Holistic view of the road transportation system based on real-time data sharing mechanism
- URL: http://arxiv.org/abs/2407.03187v2
- Date: Thu, 4 Jul 2024 03:47:50 GMT
- Title: Holistic view of the road transportation system based on real-time data sharing mechanism
- Authors: Li Tao, Dong Xiang, Hao Junfeng, Yin Ping, Xu Xiaoxue, Lai Maokai, Li Yuan, Peng Ting,
- Abstract summary: This paper constructs a space-time global view of the road traffic system based on a real-time sharing mechanism.
It enables both road users and managers to timely access the driving intentions of nearby vehicles and the real-time status of road infrastructure.
- Score: 9.503118311645515
- License: http://arxiv.org/licenses/nonexclusive-distrib/1.0/
- Abstract: Traditional manual driving and single-vehicle-based intelligent driving have limitations in real-time and accurate acquisition of the current driving status and intentions of surrounding vehicles, leading to vehicles typically maintaining appropriate safe distances from each other.
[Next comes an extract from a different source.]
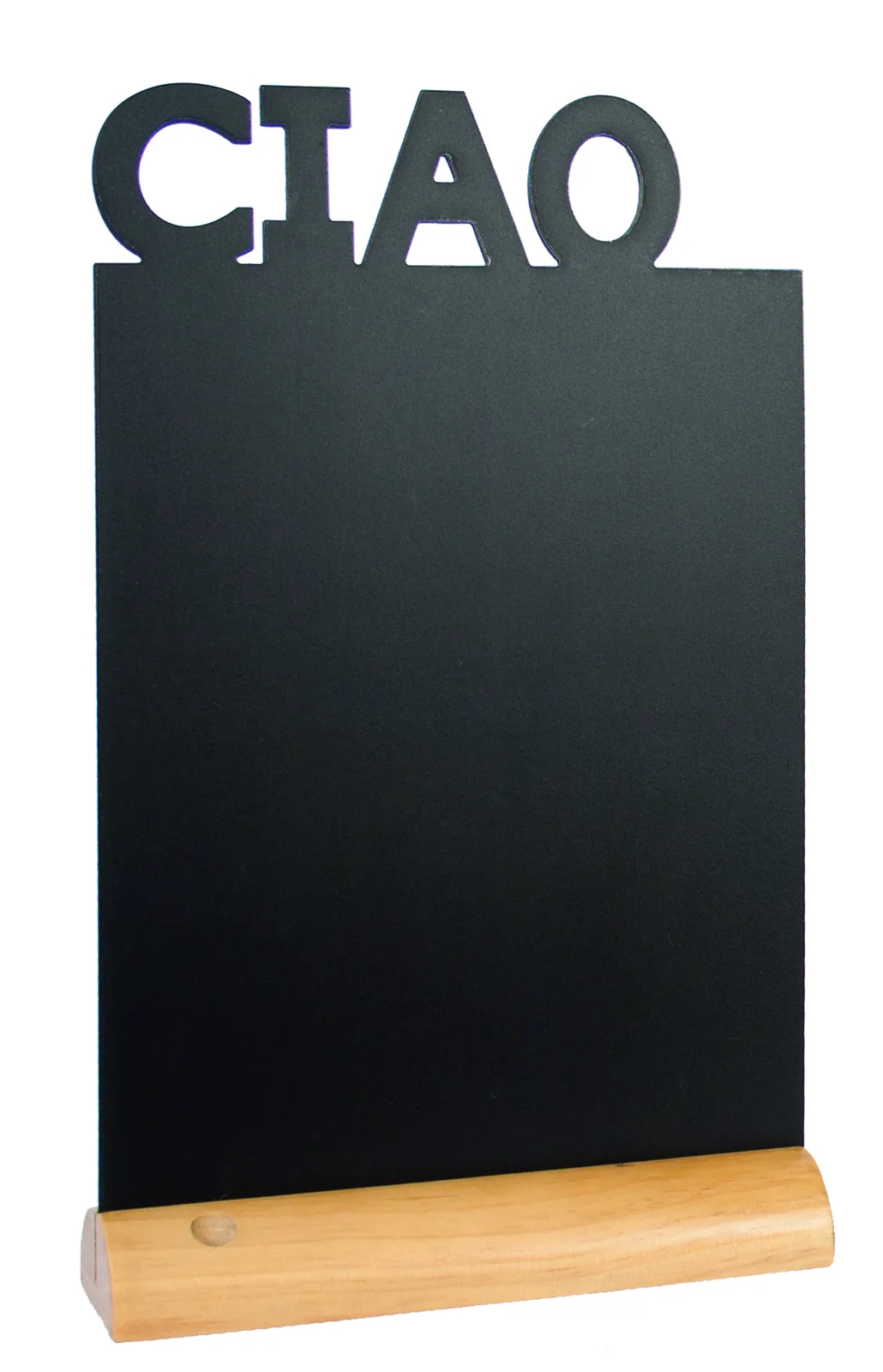 Securit® tafelkrijtbord 'Ciao'-silhouet op houten voet - zwart - met vloeibare krijtstift
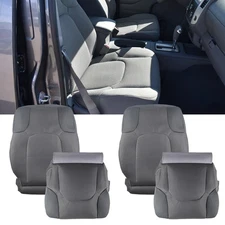 For 2005-2019 Nissan Frontier Driver &Passenger Bottom-Top Cloth Seat Cover Gray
Yet, accidents still frequently occur, especially in merging areas; meanwhile, it is difficult to comprehensively obtain the conditions of road infrastructure. These limitations not only restrict the further improvement of road capacity but also result in irreparable losses of life and property. To overcome this bottleneck, this paper constructs a space-time global view of the road traffic system based on a real-time sharing mechanism, enabling both road users and managers to timely access the driving intentions of nearby vehicles and the real-time status of road infrastructure.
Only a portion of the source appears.